Jocelynn- I am generally willing to pay more for fitted tees but that is just my opinion.

BTW- you need to remove the stars in your link 

Good luck!


----------



## mintchip (Apr 19, 2007)

I couldn't get the link to work but I like the fitted styles as well


----------



## mckennasedona (Feb 20, 2007)

I like the more fitted tee's for wearing out and about. Definitely not skin tight though. I have too much "skin" in some areas and I prefer that it stays hidden, if at all possible!!  
I wear other types of tee's (the more typical ones people use for logos and such) to clean house or garden.


----------



## Lina (Apr 26, 2007)

I prefer a fitted look as well. Honestly, though, I don't think I'd pay close to $30 for a tee shirt, especially not in times like these. I do think your designs are beautiful and would look good on a tee, though!


----------



## karlabythec (Nov 9, 2008)

I love your designs...I really don't wear tee shirts though...and I personally wouldn't pay that for one...I barely pay that for any shirt...I'm a bargain shopper though when it comes to clothes. 
Have you thought about putting them on the grocery totes? So many people are using those instead of plastic and paper and I hate the ones with store names on them...I would like to see more cute ones. Just a thought...


----------



## hartman studio (Feb 14, 2008)

thanks for the opinions and suggestions- keep them coming!!! I have thought about totes- not necessarily grocery totes-but that sounds like a good idea!!
So far the fitted tees definitely seem to be winning and I agree they are generally more expensive than a regular tee- designers always use a more fitted style for their tees- thanks, Amanda for pointing that out. Jocelyn


----------



## Chasza (Dec 10, 2008)

Me too, I like the fitted tees better, and generally do pay more for them as they seem in shorter supply. I also much prefer v-necks, although they are much harder to find. V-necks are much more flattering. I would really have to love a tee to pay the $30. I think I would be more likely to buy it if it were closer to $25. I am willing to pay more money if the tee is not going to shrink, and if it is a 'thick' tee shirt. The thin tee shirts show too much and don't last as long. SO, the thickness and general quality of the tee is a factor in price as well. I notice you are in NC and your picture shows you near a beach. Sometimes places like that are higher priced, in general, than other places around the country. I personally would be willing to pay a bit more tho, if I knew how much (what percentage) would be going to no kill shelters, but I don't know how others would fill about that. JMO.


----------



## Salsa's Mom (Mar 18, 2008)

Jocelyn, I love your designs and would definitely buy a t-shirt. I think the price is reasonable especially since some of the proceeds would benefit a shelter or rescue group. 

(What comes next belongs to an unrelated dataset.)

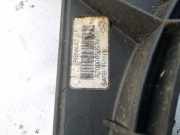 Kühlerlüfter Lüftermotor Renault Scenic, I 1999.09 - 2003.06 facelift 8200065257,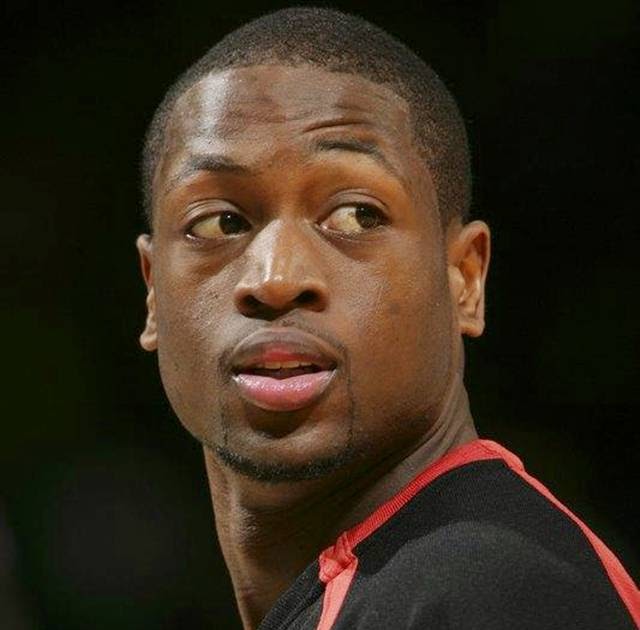 Dwyane Wade Profile,Bio,Pictures,Images,Wallpapers 2011 | All About Sports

I agree that the fitted style (not skin tight though) is probably more popular now and that people would be willing to pay more for that style. My favorite style is the fitted with 3/4 length sleeves (it's the upper arm thing). But, I would buy whatever style you offer. I also like sweatshirts if you are able to offer multiple styles in the future.


----------



## Scooter's Family (May 23, 2008)

I prefer fitted as well. Great idea on the totes too! The price sounds reasonable so PLEASE let us know if you go ahead with the idea!
Your work is amazing!!!


----------



## Lunastar (Feb 9, 2009)

Your designs are wonderful. I like either style tee but I definately look for v-neck. Not sure I would be willing to pay $30 for one though. I would however buy one for a gift for someone else at that price. I love the idea of totes. Good luck with your new venture.


----------



## Jane (Jun 2, 2007)

Another vote for fitted t-shirts.

I also love v-necks, or if a scoop-neck, one that isn't too close to the neck (choke!)


----------



## Milo's Mom (Aug 31, 2008)

I only wear fitted tees and would pay $29 for one if it fit me well. Good luck!


----------



## Hav a lot of pets (Apr 4, 2008)

A feminine fit is the absolute way to go, but the *longer* fitted tees are much preferred (youth to on campus to older women wanting to cover the "muffin tops"). The shorter fitted tees are not selling much any more. I am not sure how short your tee option is, but the longer-bodied the better, as trends go.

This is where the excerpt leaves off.